It seems my first litter owns me.

Has it been already a month since that pivotal point in my life? How time evaporates when your mind and heart are possessed.

This is a glorious day! Gas prices soaring, stocks tumbling, crime rising, morale falling, Life going on bleeding and bruised.

Despite it all, this day I impatiently watched the clock, eager to brave rush-hour traffic on the drive home. My mind is fixed on the cherished quintuplet of impossible cuteness at home.

During the first week the babies nursed and slept in a pile. That's it.

During the second week they nursed and slept in two piles with a lone trooper nearby.

At the beginning of the third week their eyes opened, and by the middle of that same week they were seeing and hearing. By the end of the third week they were individuals interacting with each other.

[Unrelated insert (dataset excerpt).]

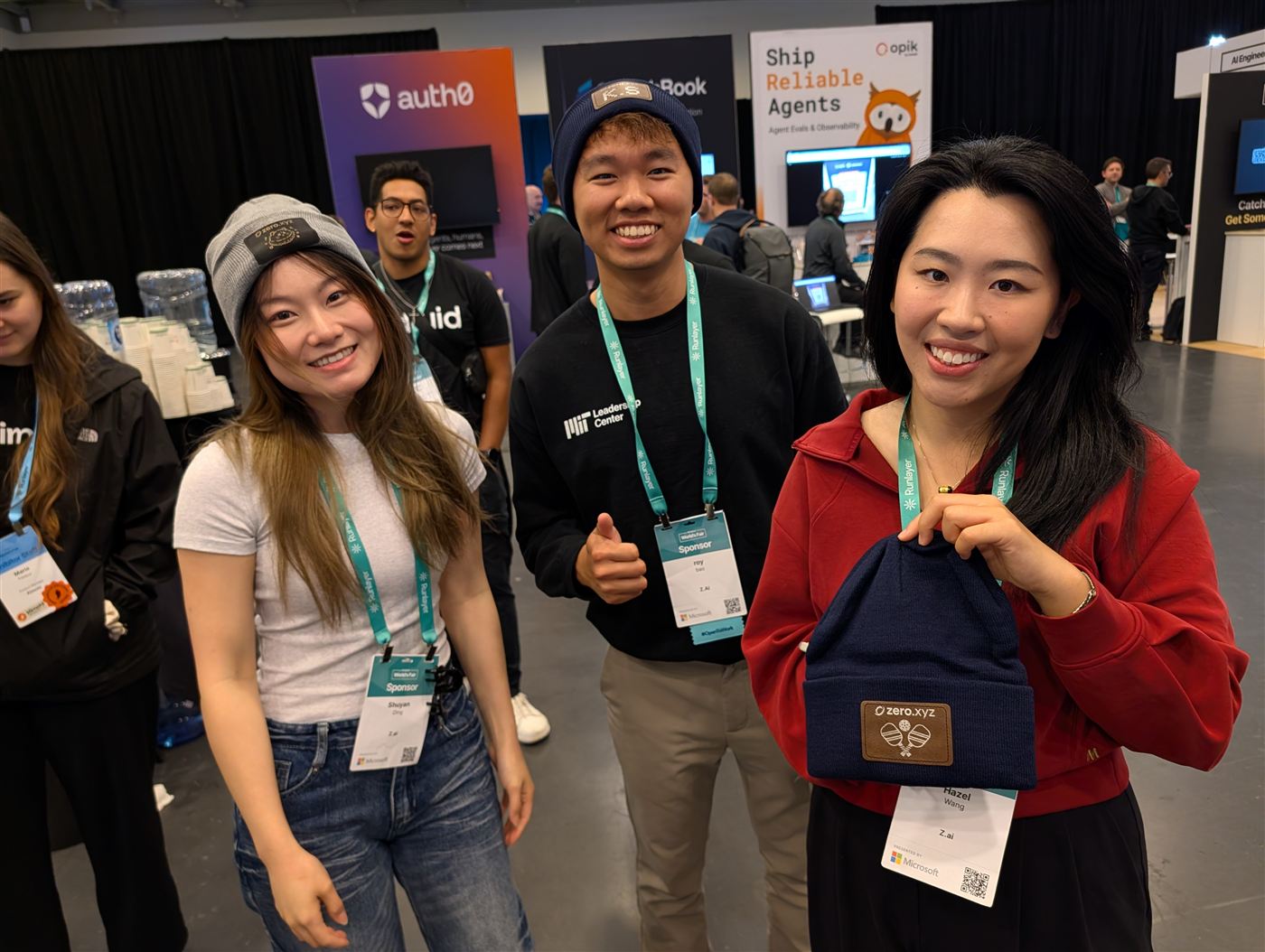 Smiling event guests wearing and holding beanies with engraved patches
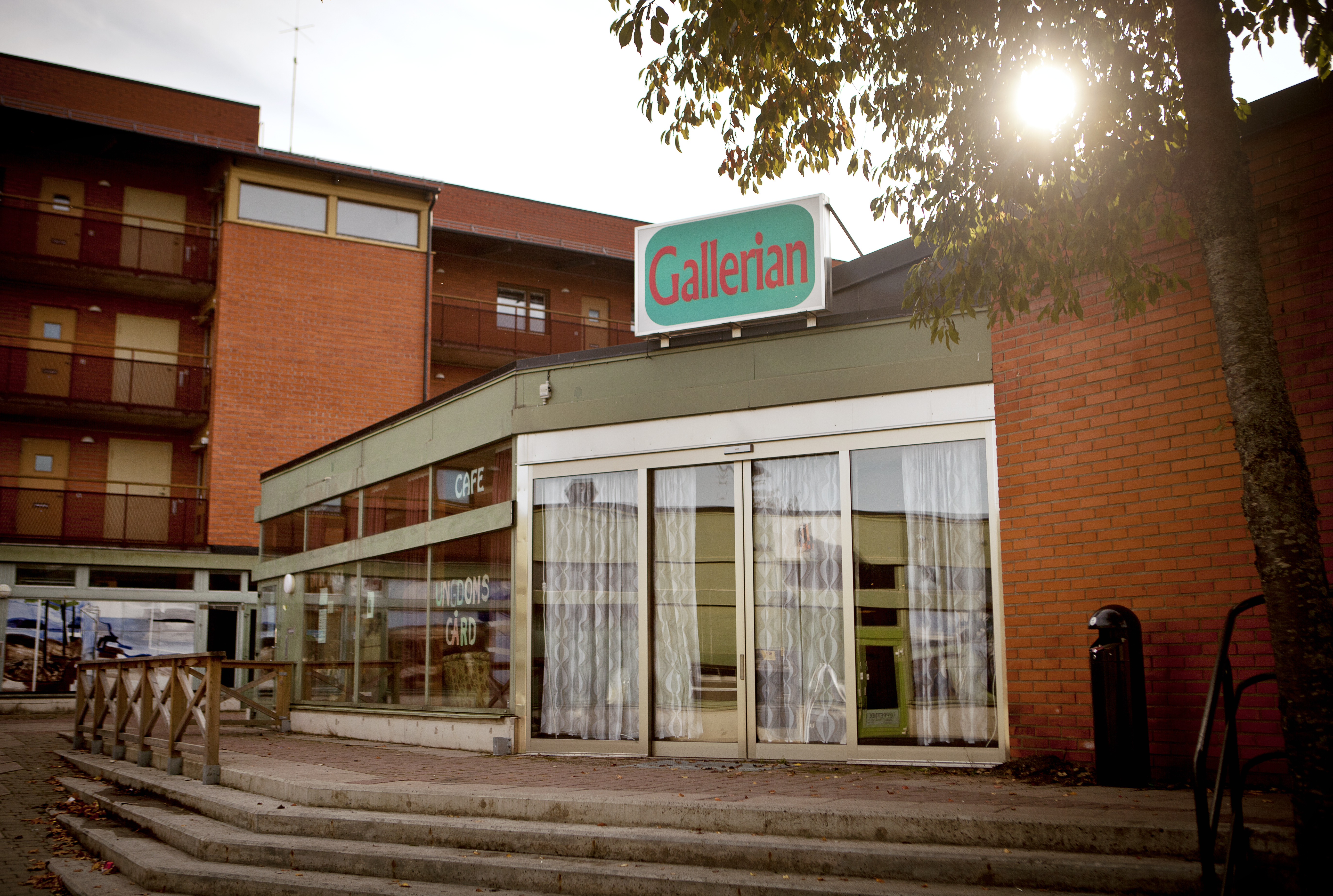Tegelbyggnad med stora glasfönster. På taket sitter en turkos skylt där det står Gallerian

At the four-week point they entered toddlerhood. I thought kittens crawled just forward, but they didn't. How comic to watch them push themselves backwards, or drag themselves forward and fall sideways.

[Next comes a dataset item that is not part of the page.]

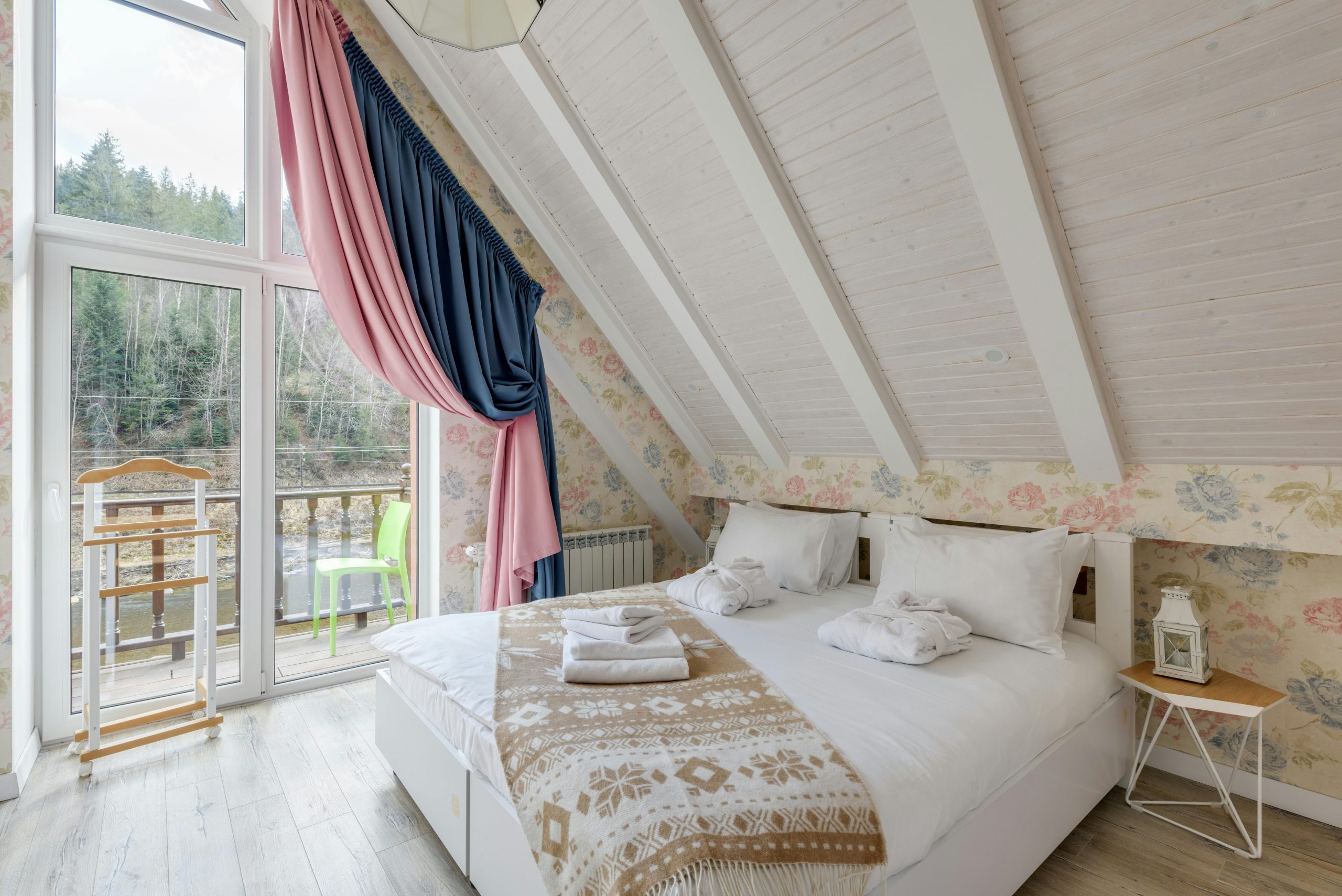 Charming rustic bedroom with attic ceiling and mountain view, perfect for relaxation.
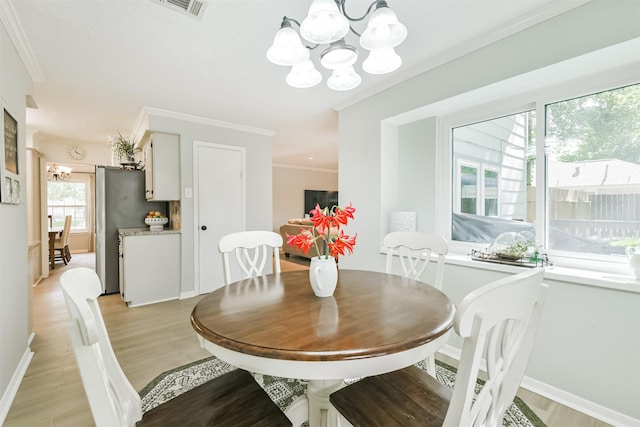 dining room with a chandelier, light wood finished floors, baseboards, ornamental molding, and visible vents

Daily I'd weighed them on a digital food scale, and at about this time they'd exploded from the ounces to the pounds phase. Their mother still nursed them, but herself was eating whenever she wasn't nursing or sleeping. I realized the time to wean had come.

I mixed a jar of meat baby food with a can of Iams kitten food on a saucer and scraped it towards the edges. Sitting cross legged on the floor, I placed the saucer in front of me and waited for the tickling sensation I'd feel on my knees and feet in a minute.

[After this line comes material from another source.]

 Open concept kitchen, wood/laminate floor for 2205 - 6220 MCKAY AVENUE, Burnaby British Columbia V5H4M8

I grasped each kitten in order, gently pressed on jaws to open the mouth and inserted a food-heaped mini popsicle stick into it. The food was immediately sucked and I set the baby in front of the saucer to associate the smell with the taste. That's all it took - I soon had five lapping kittens.

There are several brands of premium dry cat food on the market, but Royal Canin makes a "baby cat" formula with itty bitty star-shaped kibbles. I spread some on a paper plate and keep it available 24/7.

The mother, who hates this formula, seemed to sense my mission and began eating it.

Sure enough, in minutes some kittens followed suit.

Heeding advice given to potty after eating, I set them on natural clay litter I'd poured into two rectangular cake pans. They first ATE it! Then they rolled around in it. I soon found a puddle on the floor. I used a half sheet of paper towel to absorb it then tore the soiled piece into the litter pan.

Next, holding the babies over the litter, I rubbed their bottoms with a moistened cotton ball and let the excretion run into the litter. Their wonderful mother came around checking out the strange litter pans and demonstrated the appropriate behavior.

Thus the weaning, litter-training phase lasted but one evening!

Today I cradled a precious baby under my chin. Today others around the world lost a baby. Or son, daughter, sibling or parent. Today hundreds in the Caribbean lost their lives, homes, family, everything to floods and mudslides. Today Iraq is a microcosm of global chaos. Reflecting on these things, I felt a vibration in my hand and for me, despite everything, today became Christmas as I heard the kitten's first purr!